Years with no diagnosis, several tests, sever pain HELP!!!(long post)
 
[SIZE="4"]My husband is 25 years old this month. In 2008 he began having muscle pain and fatigue and began seeing doctors. DNA tests show nothing, multiple other blood tests show nothing, MRI and CT Scans show "slightly enlarged thymus" (doctors claim that is unrelated and not a problem), muscle biopsy of bicep muscle shows INTERNAL NUCLEI (doctors say it doesn't show a conclusive diagnosis), EMG shows some myopathy (again, doctors claim not severe enough for a conclusive diagnosis).
He has severe muscle pain all the time, no relief. When he exerts himself it does get worse, and he fatigues quickly. MS and myasthenia have essentially been ruled out (I don't trust anything at this point). Finally after two years of seeing a neurologist at the University of Utah hospital in salt lake city (a 3 hour drive for us) they prescribed lyrica to see if it would help with his pain and it did SOME at first, but little now. Everyday his pain is increasing. He has an appointment with a rheumatologist on Sept 28, 2012, but his neurologists don't think it will yield any answers. His physical exams at every appointment (push doc's arm away, pull it, squeeze etc etc) all come back fine. He is strong. He has nearly zero body fat naturally, never works out and is solid muscle but thin at around 5'9" 147lbs.

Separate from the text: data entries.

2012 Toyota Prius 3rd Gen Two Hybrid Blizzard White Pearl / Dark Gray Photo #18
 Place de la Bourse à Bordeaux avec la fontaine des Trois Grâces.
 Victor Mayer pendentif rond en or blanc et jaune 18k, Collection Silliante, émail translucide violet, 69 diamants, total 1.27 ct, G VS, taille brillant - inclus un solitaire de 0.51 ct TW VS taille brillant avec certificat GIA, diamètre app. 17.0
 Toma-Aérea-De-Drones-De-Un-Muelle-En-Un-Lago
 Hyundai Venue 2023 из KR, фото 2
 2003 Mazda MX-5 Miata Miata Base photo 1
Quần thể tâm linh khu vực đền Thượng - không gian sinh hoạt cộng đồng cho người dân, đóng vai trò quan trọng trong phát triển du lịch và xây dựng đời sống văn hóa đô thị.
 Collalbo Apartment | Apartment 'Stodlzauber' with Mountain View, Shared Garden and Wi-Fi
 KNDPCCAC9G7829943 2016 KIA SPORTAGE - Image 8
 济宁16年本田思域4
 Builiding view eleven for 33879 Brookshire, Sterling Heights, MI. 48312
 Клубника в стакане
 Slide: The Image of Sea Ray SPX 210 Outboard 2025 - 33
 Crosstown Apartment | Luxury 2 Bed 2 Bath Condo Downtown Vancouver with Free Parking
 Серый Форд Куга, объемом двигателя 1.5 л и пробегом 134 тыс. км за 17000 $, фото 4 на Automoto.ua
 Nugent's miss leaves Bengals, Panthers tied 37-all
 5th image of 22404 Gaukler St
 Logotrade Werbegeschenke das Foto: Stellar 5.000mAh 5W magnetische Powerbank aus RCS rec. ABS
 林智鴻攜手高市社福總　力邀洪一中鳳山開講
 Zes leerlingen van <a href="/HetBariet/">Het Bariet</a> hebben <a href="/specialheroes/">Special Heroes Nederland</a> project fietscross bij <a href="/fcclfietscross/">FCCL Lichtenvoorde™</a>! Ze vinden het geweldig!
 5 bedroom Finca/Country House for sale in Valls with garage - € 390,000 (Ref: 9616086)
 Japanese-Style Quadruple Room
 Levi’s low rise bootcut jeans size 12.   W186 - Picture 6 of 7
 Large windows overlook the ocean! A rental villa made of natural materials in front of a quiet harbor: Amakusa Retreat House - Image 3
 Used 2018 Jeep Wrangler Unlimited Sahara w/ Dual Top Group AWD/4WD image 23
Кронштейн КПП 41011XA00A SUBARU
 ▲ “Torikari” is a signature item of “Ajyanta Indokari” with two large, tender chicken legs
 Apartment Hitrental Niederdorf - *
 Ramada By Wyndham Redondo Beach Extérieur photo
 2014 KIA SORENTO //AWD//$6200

ANY help regarding a diagnosis would be greatly appreciated. We honestly don't know how much longer he can handle this pain, he is missing work sometimes and struggles daily at work with this pain and fatigue. He cannot play with our son (and I just found out I'm pregnant with child #2), he can only go to work and come home and rest (not his personality, we have been together since 2003 before these problems began). Outwardly, he seems fine. And the only real clue has been the muscle biopsy. His neurologists will probably try to refer him to the Mayo Clinic in Arizona depending on the rheumatologist appointment this month, but we aren't sure when we will be able to go. Along with all of this, I currently have a 4 inch blood clot in my arm, my other was just diagnosed with cancer, and I just found out I'm pregnant so the stress and medical bills are really adding up and we need answers NOW.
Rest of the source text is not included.